EMBARKING ON my academic career

Helen's decision to pursue an academic career led her on a rewarding journey:

"The holy grail for me, as it is for most PhD students, was to achieve a permanent academic position. I was lucky enough to get a Leverhulme Fellowship for a couple of years, giving me time to do some research that helped to secure me a permanent job at the University of Kent. After two years at Kent, I was approached by Stockholm University to apply through them for a Wallenberg Academy Fellowship, which would give me five years of full-time research, along with a permanent job. Moving to Stockholm was the best decision I could have made. I now run a research centre, The Stockholm Centre for the Ethics of War and Peace, in an incredibly supportive Department.

"I really enjoy my work at Stockholm, where I am Sweden's youngest ever and first female Professor of Practical Philosophy.

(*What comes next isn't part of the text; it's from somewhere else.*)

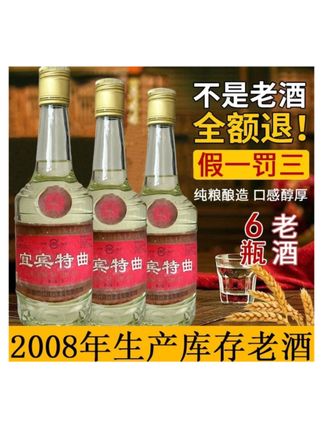 #上热门 图形08年宜宾特曲酒52度浓香型纯正500ml6瓶52度500 @DOU+小助手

"I was surprised to learn that I was the first woman to hold that position since Sweden has a reputation as very progressive when it comes to gender inequality. But, better late than never! I hope that the more female role models we have, the more women will consider philosophy as a career."

real-world research

Helen's job allows her to research subjects relevant to today's society:

"My research mostly focuses on the ethics of war. I'm currently working on several projects with other academics. One of these is the protection of cultural property in war. Even though most of us would think that it's morally wrong for militia groups to damage ancient cultural sites, for example, there's been very little philosophical work done on how we should respond to that kind of destruction, such as whether and how we ought to prevent it. Our project aims, amongst other things, to help develop guidelines for implementing the Hague Convention on Cultural Property Protection.

"Another project I'm working on is how we should understand the wrongness of so-called 'revenge porn', where someone shares private images of a person without his or her consent.

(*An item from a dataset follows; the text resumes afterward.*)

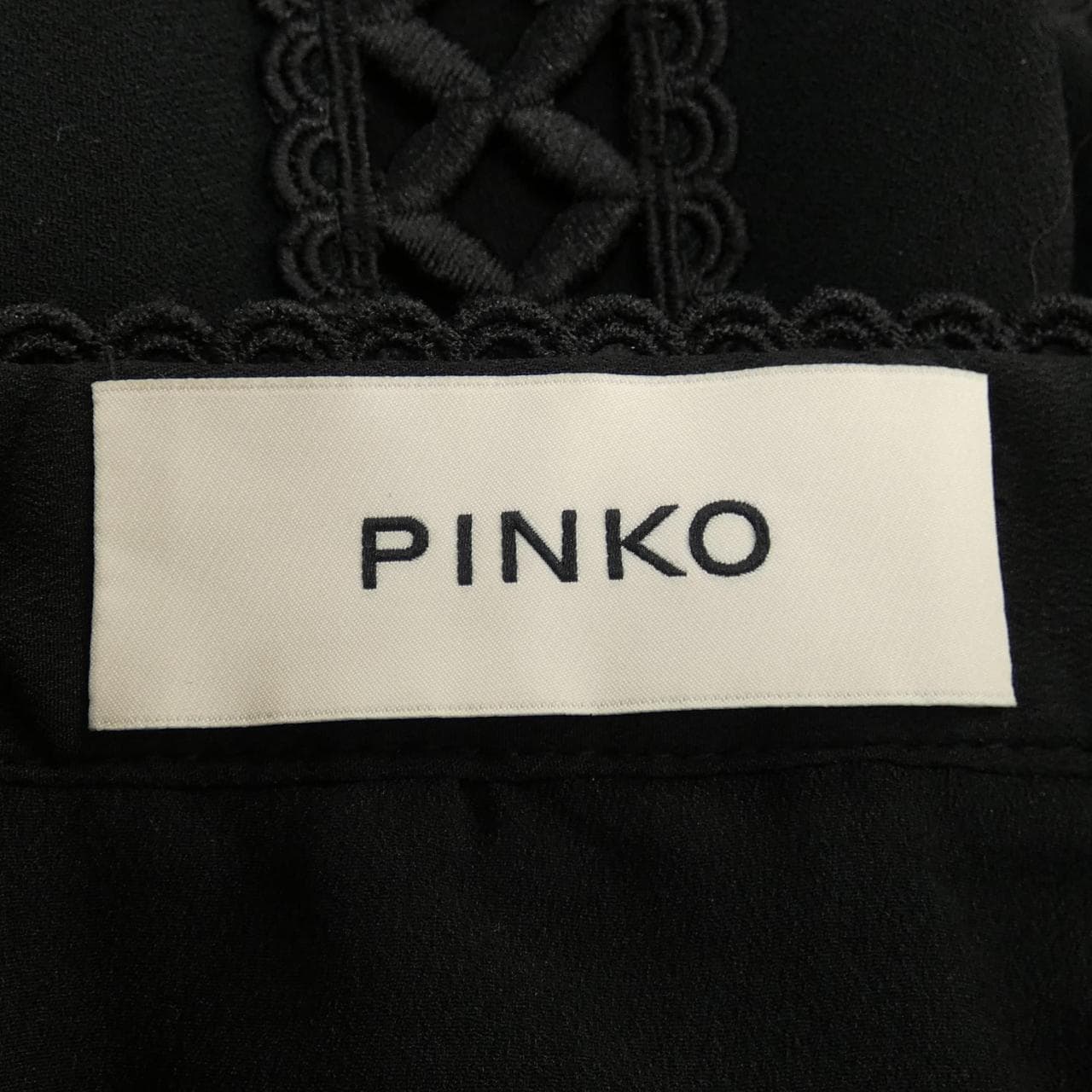 ピンコ PINKO スカート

"We're interested in the actions of third parties who look at the images, rather than those who upload them. Many people would be aghast at the idea of spying on someone in a changing room, but don't think twice about looking at such images online. Our work argues that just looking at these images, even without sharing them, violates the victim's rights. Hopefully, generating discussion about these issues will make people reflect on how viewing these images can impact upon the victim."

Looking to the future

Helen hopes to continue contributing to the field of philosophy:

"My goal for the future is primarily to write more philosophy! My main short-term goal is a new book on cultural property and war. I'd also like to expand my research centre, particularly in ways that encourage cross-pollination across different areas of philosophy. I'm excited to keep exploring topical issues that affect today's world through a philosophical lens.

"The Philosophy Department at the University of Reading undoubtedly contributed to getting me to where I am now, and I'll be forever grateful for their valuable support in preparing me for the notoriously competitive job market."